Foreign surnames can also be acquired through marriage. During my research I spoke to White British participants who had taken a ‘foreign’ surname through marriage and had subsequently encountered racial microaggressions. For instance, Linda Abadjian* (‘Armenian’ married name) remembers waiting for her prescription at a pharmacy and observing that two assistants were giggling and looking at a prescription form. She said,  "I instantly thought, “It must be mine, and they’re thinking, ‘How do we pronounce this? You do it, I’ll, no you do it, you do it’, and in the end they called me by the name of my house, so I didn’t even have an attempt at it". Linda asserted that such non-pronunciation of her name "happens a lot".

Jenny Legris (‘Mauritian’ married name) expressed her surprise at the sheer number of mispronunciations she has experienced for such a short surname, and how she had never encountered problems with her maiden name (Taylor) of the same length. Despite her love for her married surname, she indicated that it would have been easier to have held a complicated ‘white British’ surname. She said, "a few times I wish I had been Mrs Bennett, it’s easier, I mean, I’d even cope with a double N, double T or one N, two Ts, or one N and one T...’. Moreover, Jenny said that: ‘none of my teacher friends get the name wrong’, and this has made her a bit impatient when it is pronounced incorrectly ‘in...other walks of life’. She questioned, "Why are you saying it wrong?...other people can get it right".

One of my minority ethnic participants, Jamal Hassan Hamdaoui (‘Arabic’ name) described times when people have attempted to pronounce his name and how he feels that, "they’re trying to project that they’re making an effort to say your name". Indeed, Jamal explained that, "they’ll always say it wrong, like always...and I get people putting Bs in there". Jamal argued that such issues originate from, "the fact that there’s a construct of how you say these names and people are trying to find it...they’re looking for the...Ahmed or whatever, and they look at it and because it’s such an unfamiliar Arabic name, people always stutter with it".

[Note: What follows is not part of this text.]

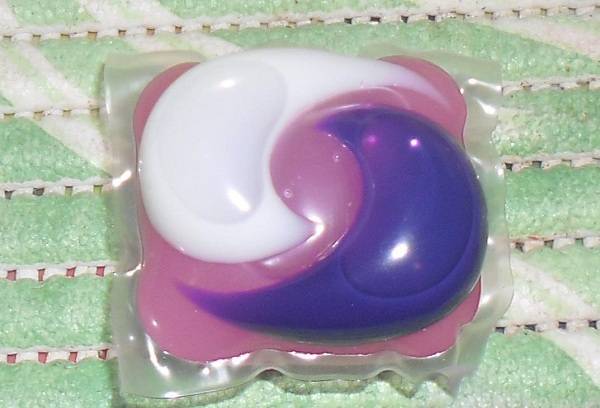 down pad washing capsule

Unlike footballers, my participants do not have sufficient influence to address what could be conceived as the disrespectful treatment of their surnames. One has to wonder what kind of discriminatory and anti-migrant views lie behind the phenomena that is being unable to say foreign surnames. After all, my interview quotes suggest that problems of pronunciation derive not from the complexity or length of a surname, but from the conceived otherness of of it.

Dr Emily Wykes has recently completed her PhD at the University of Nottingham, with a thesis entitled ‘The Racialisation of Names: Names and the Persistence of Racism in the UK’.

* Pseudonym names have been used to protect the participants’ anonymity.